L’Association marocaine des droits humains (AMDH) et 48 autres africaines et européennes dénoncent, dans une déclaration commune, cette ardeur des autorités marocaines à cacher rapidement le drame.

«Les craintes que nous avions soulevées s’avéraient réelles ; ce matin, les autorités de Nador préparent 21 tombes au cimetière de Sidi Salem pour enterrer une partie des migrants décédés vendredi 24 juin dernier, sans attendre les résultats d’une enquête, sans autopsie, sans identification, les autorités cherchent à cacher rapidement le désastre qu’on a vécu.»

En même temps, le makhzen, dans une tentative de renverser la situation en sa faveur et se vêtir de la peau de victime, a actionné sa machine judiciaire en un temps record pour condamner les victimes de la répression.

Dans les faits, 68 migrants ont été  arrêtés à la suite du drame de Nador survenu le 24 juin 2022. Trente-deux  sont poursuivis au pénal à la cour d’appel, le procès est reporté au 13 juillet prochain. Trente-six autres sont poursuivis pour des délits en première instance, le procès est reporté au 4 juillet prochain.
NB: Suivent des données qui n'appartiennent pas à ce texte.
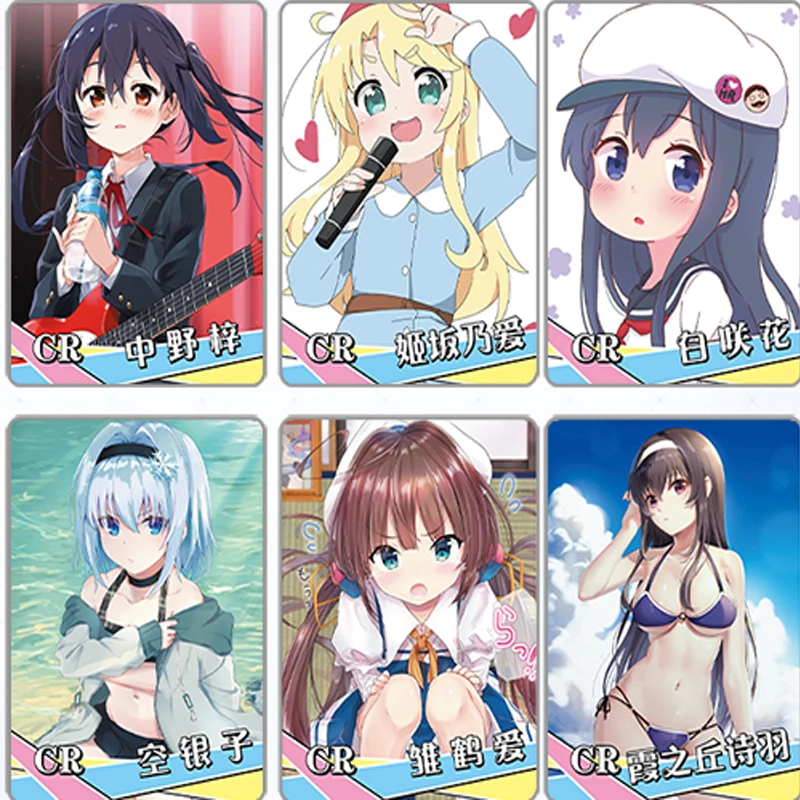 Tarjetas de colección de diosa Story para niños, regalo de cumpleaños, tarjetas de juego, juguetes de mesa para la familia, navidad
Tous les mis en cause sont placés en détention préventive. Dans les détails, le premier groupe est poursuivi pour des charges lourdes : «Désobéissance», «violences contre les forces de sécurité», «incendie de la forêt», «séquestration d’un agent public», «violences armées», «participation à une bande organisée dont le but est l’immigration irrégulière»

Autant dire que la sentence sera des plus sévères. Leur avocat Khalid Ameza a précisé que «la majorité des accusés sont originaires du Darfour, dans l’ouest du Soudan, en proie à une grave crise alimentaire et où de récentes violences ont fait plus de 125 morts et provoqué le déplacement de 50 000 personnes. D’autres sont Tchadiens et Maliens, l’un d’eux est Yéménite».
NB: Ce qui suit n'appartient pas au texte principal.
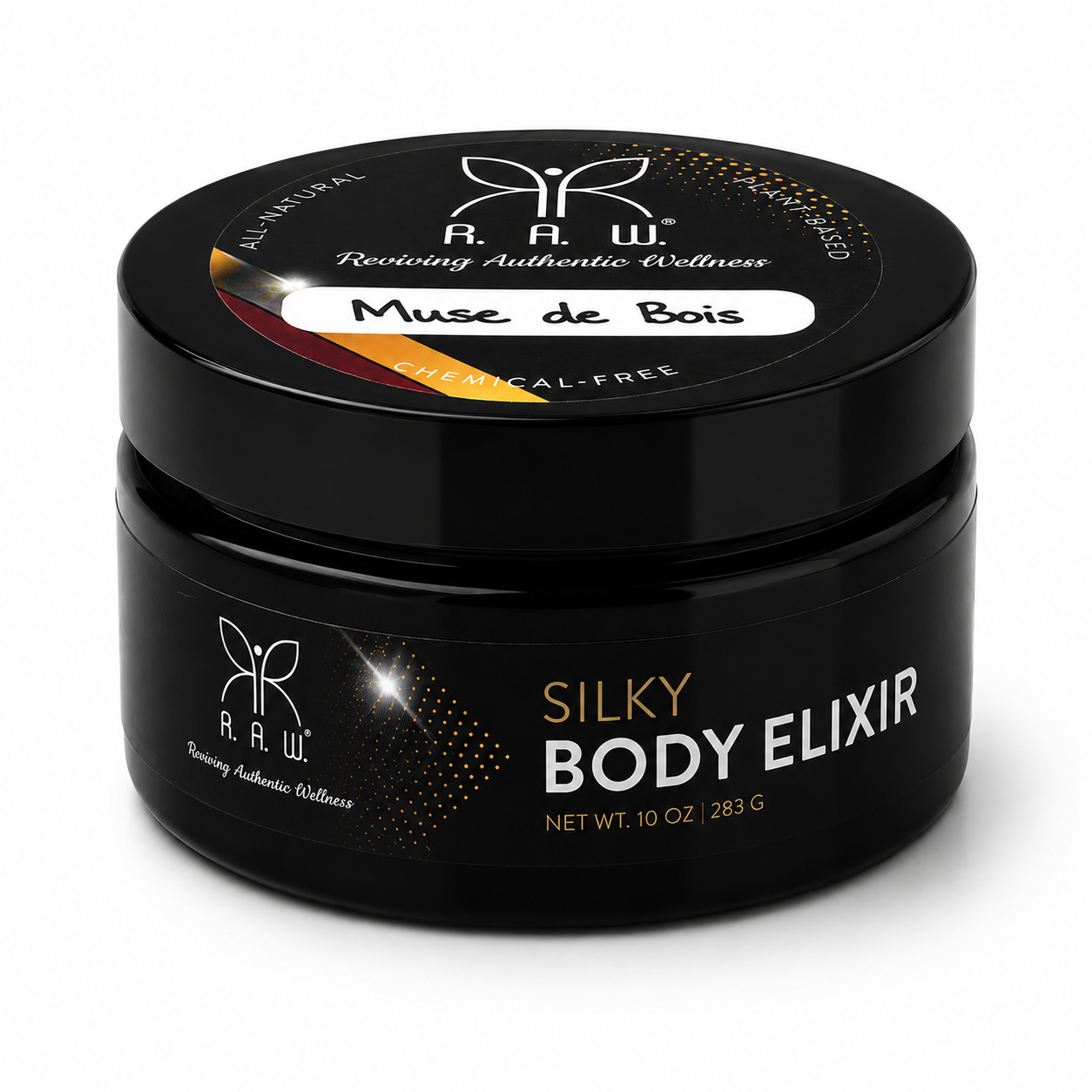 Muse de Bois – RAW Body Elixir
Réagissant à cette tragédie, le chef de la Commission de l’Union africaine, le Tchadien Moussa Faki Mahamat, a dénoncé «le traitement violent et dégradant de migrants africains» vendredi lors d’une tentative d’entrée massive dans l’enclave espagnole de Melilla, réclamant une enquête sur ce drame qui sera examiné demain par le Conseil de sécurité de l’ONU.
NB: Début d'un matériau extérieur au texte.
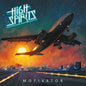 High Spirits- Motivator - Splatter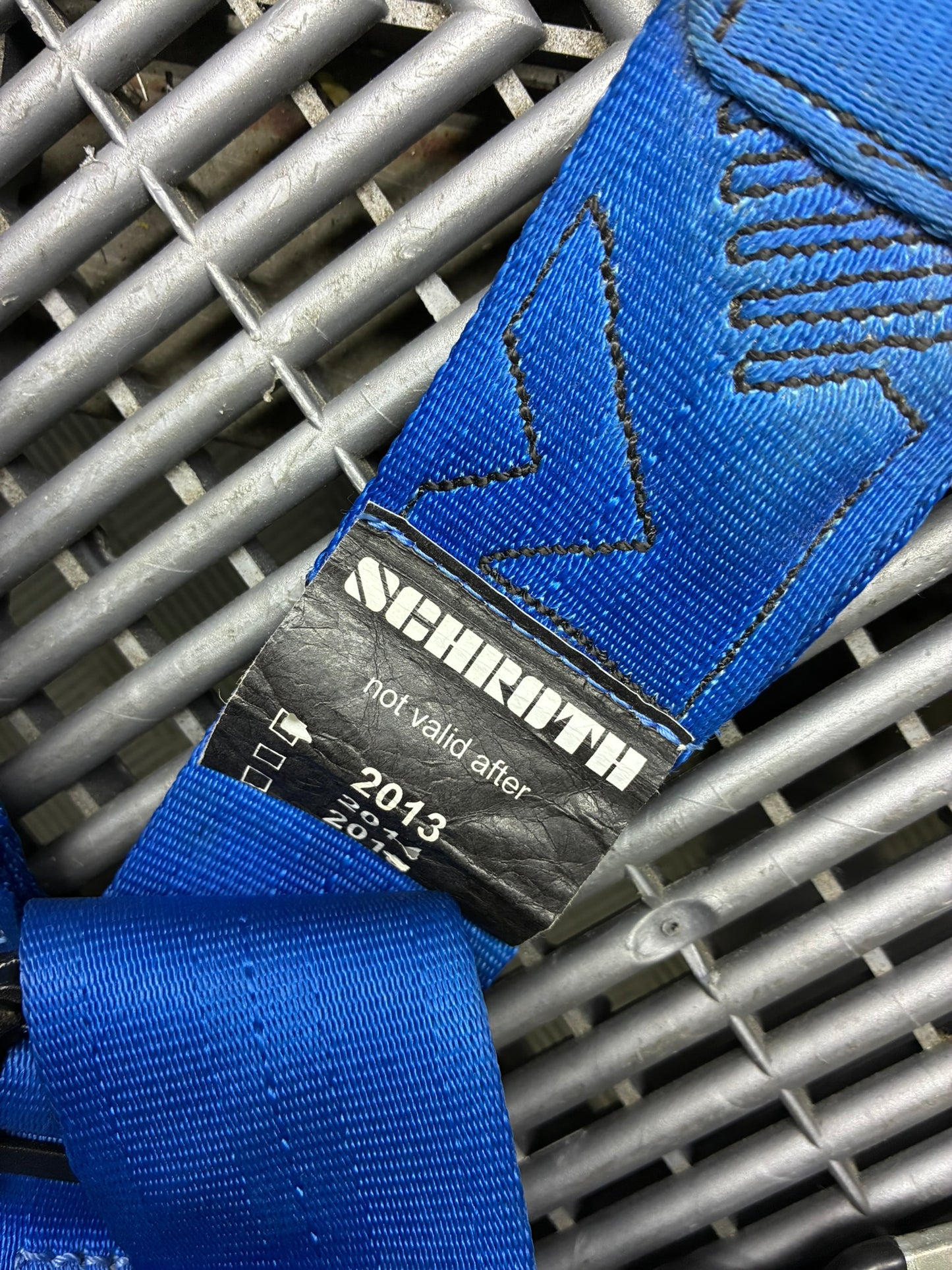Used. Schroth racing 6 point harness.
«J’exprime ma profonde émotion et mon inquiétude face au traitement violent et dégradant de migrants africains cherchant à traverser une frontière internationale entre le Maroc et l’Espagne (…) J’appelle à une enquête immédiate sur cette affaire et rappelle à tous les pays leurs obligations, aux termes de la loi internationale, à traiter tous les migrants avec dignité et à faire porter leur priorité sur leur sécurité et leurs droits humains, tout en réfrénant tout usage excessif de la force», a indiqué le chef de la Commission de l’UA.

Pour sa part, dans un point de presse quotidien sur le drame survenu vendredi, le porte-parole des Nations unies, Stéphane Dujarric, a déclaré que «l’ONU déplore cet événement tragique et la perte de vies».

Les 49 associations, scandalisées par ce drame et la suite qui lui est donnée par les autorités marocaines, campent sur leur position, en imputant ces décès dramatiques à l’accord entre le Maroc et l’Espagne sur l’immigration «La mort de ces jeunes Africains (...) dévoile le caractère meurtrier de la coopération en matière de sécurité sur les migrations entre le Maroc et l’Espagne», accusent-elles.